Enabling sub-query filtering and sorting #422

rcb4by · 2025-04-21T14:32:35Z

I believe sub-query filtering and sorting is an incredibly useful feature, and I have been able to figure out a partial solution. Posting here so hopefully people can build off of it. NOTE: This solution takes advantage of the RelationshipLoader class for resolving sub-queries, so it will only work if the batching option on the Node's Meta class is set to True. The sample code below builds off of the changes discussed in #419, but should be easily adaptable if people haven't implemented those changes.

Issue

Our UI follows a backend for frontend pattern, and on one page we want to display information about an entity, along with recent events related to that entity. Ideally, we could use a query akin to this:

query EntityWithEvents($entity_name: String!) {
  entity(filter: {name: {eq: $entity_name}}) {
    edges {
      node {
        value1
        value2
        events(filter: {timestamp: {gt: "<past day's events>"}}, sort: TIMESTAMP_DESC) {
          edges {
            node {
              eventValue1
              eventValue2
            }
          }
        }
      }
    }
  }
}

The problem is that with the current code, the filter and sort arguments to events are essentially ignored. As a result, we have no choice but to query all of events, and filter and sort them manually. This results in extraneous frontend logic, and massively increases load times and response sizes for the page, as we are loading the entire event history for the entity. We can see the following (summarized) statements emitted by sqlalchemy when we run this query:

INFO: sqlalchemy.engine : SELECT entity.* FROM entity WHERE entity.name = $1 ORDER BY entity.id ASC;
INFO: sqlalchemy.engine : SELECT events.* FROM events WHERE events.entity_id = $1 ORDER BY events.id ASC;

Potential Workaround

One possible workaround is to set an order_by on the relationship definition itself, and then pass the first argument to events to limit the response to only the first N results. The statements emitted in this case are:

INFO: sqlalchemy.engine : SELECT entity.* FROM entity WHERE entity.name = $1 ORDER BY entity.id ASC;
INFO: sqlalchemy.engine : SELECT events.* FROM events WHERE events.entity_id = $1 ORDER BY events.timestamp DESC;

However, this approach has the following problems:

The first argument is not a direct analogue of SQL's OFFSET - it will still load the full event history into memory in order to generate a cursor, and then truncate the results (NOTE: depending on the database engine, this approach may use a database cursor rather than sending all data to the graphql server. I'm not familiar enough with cursors to verify this). So this is still a fundamentally slow query.
Returning first N results is semantically different from returning all results since a given time. Some days might have 0 events, while others will have 10+. If our goal is to show all events since the day before, then this approach is untenable.
Having to set the sort as part of the relationship definition rather than specifying as part of the query itself is inflexible and relies on developer awareness, rather than explicit ordering.

Solution

To fix the issue, we will implement our own RelationshipLoader class, modifying it from the original to accept sort/filter args during construction, then patch in a modified get_batch_resolver definition that uses our new implementation.

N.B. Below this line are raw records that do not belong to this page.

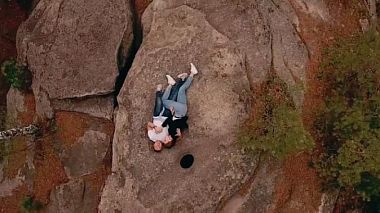 Videographer Alexander Fedusov from Yekaterinburg, Russia - Love Story Рустам и Люба, drone-video, engagement, event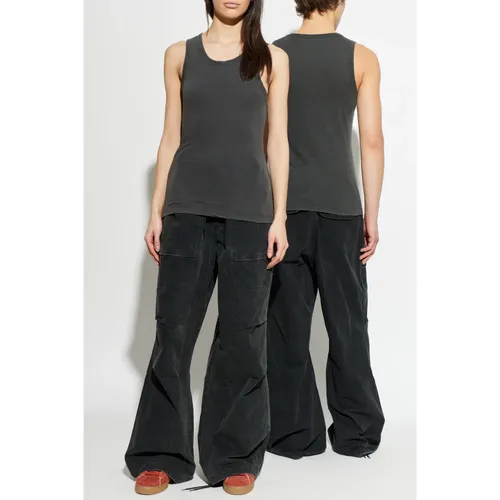Tops > Sleeveless Tops - - Entire Studios - Modalova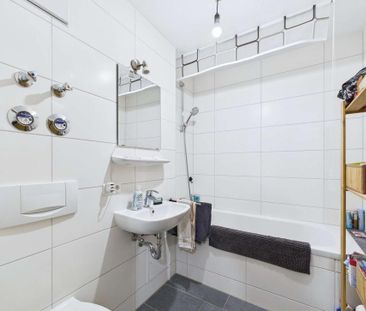 Modernisierte & ruhige 1-Raum-Wohnung mit Balkon in Lengenfeld - Photo 5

Usually, the _load_for_path internal function called by batch_load_fn will ignore any filtering or sorting set on the query_context arg. It does, however, respect filtering requested via the loadopt parameter, in order to implement with_loader_criteria() semantics described here. The easiest way to hijack this flow is to construct our own loader (a defaultload) and steal it's loader options (stored in context[0]). _load_for_path does respect the order_by prop of the relationship that was passed in to initially (and will only resolve that reference at call-time), so we can simply update relationship_prop.order_by with the requested order right before calling. Note that, while the RelationshipLoader is constructed on a per-arg basis, the relationship_prop is still shared by all instances, so we have to set this value right before calling in order to avoid conflicts. In the case where no sort arg is passed, we store a cache of default sort orders the first time each relationship_prop is passed in, which is set prior to calling.

NOTE: the patch_relationship_loader() function must be called before constructing your graphene.Schema object.

Specific changes are noted in the comments.

# patch_batching.py
from asyncio import get_event_loop
from typing import Any, Callable, Coroutine

import sqlalchemy
from graphene_sqlalchemy.batching import DataLoader
from sqlalchemy.orm import Session, defaultload, strategies
from sqlalchemy.util import immutabledict
from sqlalchemy.util._concurrency_py3k import greenlet_spawn


def patch_relationship_loader() -> None:
    """
    Call this function once prior to any other setup code
    (specifically, prior to creating your `graphene.Schema` object)
    """
    import graphene_sqlalchemy.fields, graphene_sqlalchemy.converter
    graphene_sqlalchemy.fields.get_batch_resolver = get_batch_resolver
    graphene_sqlalchemy.converter.get_batch_resolver = get_batch_resolver


class RelationshipLoader(DataLoader):
    cache = False
    DEFAULT_PROP_ORDER_CACHE: dict[Any, Any] = {}
    "Cache to ensure that default sort order is used when no `sort` arg is passed"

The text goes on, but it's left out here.